Un’esperienza più intima, meno teatrale, ma anche meno incisiva
Non manca qualche tocco di paranormale, com’è tradizione della casa, ma qui viene trattato con più discrezione e meno enfasi rispetto a Life is Strange. Il risultato è un’esperienza più intima, meno teatrale, ma anche meno incisiva. Sembra mancare sempre qualcosa, una spinta, un rischio in più. E questo è un problema, soprattutto quando si punta tutto su empatia e coinvolgimento emotivo. E poi anche basta cercare di replicare (il successo economico di) Life is Strange.
Questo primo episodio di Bloom & Rage sembra più un prologo allungato che un capitolo uno. Getta le basi per qualcosa di più grande, apparentemente, ma lo fa con un passo incerto, alternando momenti toccanti a lunghe fasi di noia. È difficile, dopo qualche ora, non pensare a quanto più efficace sia stato Jusant, l’altro recente esperimento di Don’t Nod, che con praticamente solo testo e un gameplay essenziale riusciva a trasmettere molto di più e in modo molto meno banale. Qui invece ci si perde tra l’intento di ricreare gli anni ‘90 per suscitare la nostalgia dei trenta-quarantenni di oggi e la voglia di rifare ancora una volta Life is Strange. Il risultato è un racconto estremamente già visto, per quanto impacchettato bene, con un gameplay del tutto anonimo e forse fuori tempo massimo.

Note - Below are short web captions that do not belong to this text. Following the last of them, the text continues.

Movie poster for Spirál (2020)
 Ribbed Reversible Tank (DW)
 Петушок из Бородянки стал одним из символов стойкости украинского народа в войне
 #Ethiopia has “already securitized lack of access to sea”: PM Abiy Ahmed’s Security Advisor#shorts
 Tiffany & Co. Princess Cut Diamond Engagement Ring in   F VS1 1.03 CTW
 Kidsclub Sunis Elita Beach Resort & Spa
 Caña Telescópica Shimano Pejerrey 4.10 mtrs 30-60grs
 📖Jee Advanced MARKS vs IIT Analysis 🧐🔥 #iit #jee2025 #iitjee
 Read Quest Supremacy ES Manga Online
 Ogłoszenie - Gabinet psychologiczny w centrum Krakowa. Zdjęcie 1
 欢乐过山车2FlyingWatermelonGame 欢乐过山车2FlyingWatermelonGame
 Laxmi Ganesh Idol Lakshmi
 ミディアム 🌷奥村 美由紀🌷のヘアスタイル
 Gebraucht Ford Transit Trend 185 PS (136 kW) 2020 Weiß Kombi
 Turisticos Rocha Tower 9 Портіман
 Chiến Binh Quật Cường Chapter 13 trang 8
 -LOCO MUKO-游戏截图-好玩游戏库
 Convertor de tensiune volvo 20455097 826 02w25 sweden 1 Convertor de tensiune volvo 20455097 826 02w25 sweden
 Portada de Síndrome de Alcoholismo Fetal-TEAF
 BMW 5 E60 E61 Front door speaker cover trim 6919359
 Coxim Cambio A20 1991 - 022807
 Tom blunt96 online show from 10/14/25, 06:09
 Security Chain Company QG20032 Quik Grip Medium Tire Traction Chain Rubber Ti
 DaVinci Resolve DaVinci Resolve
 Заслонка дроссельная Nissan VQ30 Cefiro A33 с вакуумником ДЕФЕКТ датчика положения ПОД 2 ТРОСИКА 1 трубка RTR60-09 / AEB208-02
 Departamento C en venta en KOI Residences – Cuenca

In Breve: Lost Records: Bloom & Rage ha cuore, stile e nostalgia da vendere, ma inciampa su una struttura ludica debole e una storia che non riesce a trovare una propria voce. È un gioco che parla del tempo, ma non sa gestirlo; che cerca la profondità, ma resta in superficie. Forse il secondo episodio saprà far decollare la trama, qui quasi una grossa introduzione a un piccolo twist finale. Il gameplay difficilmente aggiungerà qualcosa a questo pigro mix.
Piattaforma di Prova: Xbox Series X
Com’è, Come gira: Gira molto bene, nella nostra prova non abbiamo riscontrato nessun problema, né di frame rate né di bug rilevanti.